- What to do
Where the string "featuring" shows up in a line of the records, copy that line.

- Supplied data
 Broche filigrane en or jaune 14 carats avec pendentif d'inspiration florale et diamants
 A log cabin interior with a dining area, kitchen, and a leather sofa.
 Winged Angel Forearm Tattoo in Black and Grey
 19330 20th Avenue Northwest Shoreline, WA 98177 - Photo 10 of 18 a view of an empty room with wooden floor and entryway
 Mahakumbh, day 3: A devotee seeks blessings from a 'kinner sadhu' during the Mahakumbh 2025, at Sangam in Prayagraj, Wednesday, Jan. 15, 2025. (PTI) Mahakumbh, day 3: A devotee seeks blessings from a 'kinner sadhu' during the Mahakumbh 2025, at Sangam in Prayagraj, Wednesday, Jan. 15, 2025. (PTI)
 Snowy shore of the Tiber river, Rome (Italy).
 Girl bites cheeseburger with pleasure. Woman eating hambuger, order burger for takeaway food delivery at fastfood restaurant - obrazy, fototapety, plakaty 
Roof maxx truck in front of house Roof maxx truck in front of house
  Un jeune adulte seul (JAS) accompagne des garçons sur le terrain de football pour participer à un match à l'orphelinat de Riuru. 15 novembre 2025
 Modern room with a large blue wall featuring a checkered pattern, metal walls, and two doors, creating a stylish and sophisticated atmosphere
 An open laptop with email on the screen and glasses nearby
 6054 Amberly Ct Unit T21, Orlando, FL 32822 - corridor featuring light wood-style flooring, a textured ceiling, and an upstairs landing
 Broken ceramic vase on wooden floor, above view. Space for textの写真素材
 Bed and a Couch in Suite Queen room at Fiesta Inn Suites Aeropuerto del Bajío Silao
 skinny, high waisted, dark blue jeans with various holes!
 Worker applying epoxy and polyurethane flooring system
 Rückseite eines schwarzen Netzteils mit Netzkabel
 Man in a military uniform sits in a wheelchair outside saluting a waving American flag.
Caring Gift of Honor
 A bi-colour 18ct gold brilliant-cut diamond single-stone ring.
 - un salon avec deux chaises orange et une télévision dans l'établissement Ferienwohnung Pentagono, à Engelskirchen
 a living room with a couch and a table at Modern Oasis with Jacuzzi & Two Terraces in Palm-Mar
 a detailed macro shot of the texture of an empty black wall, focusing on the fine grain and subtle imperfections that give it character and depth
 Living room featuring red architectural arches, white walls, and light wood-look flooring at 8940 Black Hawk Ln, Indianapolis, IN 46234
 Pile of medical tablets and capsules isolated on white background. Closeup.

- Response to the exercise
 Modern room with a large blue wall featuring a checkered pattern, metal walls, and two doors, creating a stylish and sophisticated atmosphere
 6054 Amberly Ct Unit T21, Orlando, FL 32822 - corridor featuring light wood-style flooring, a textured ceiling, and an upstairs landing
 Living room featuring red architectural arches, white walls, and light wood-look flooring at 8940 Black Hawk Ln, Indianapolis, IN 46234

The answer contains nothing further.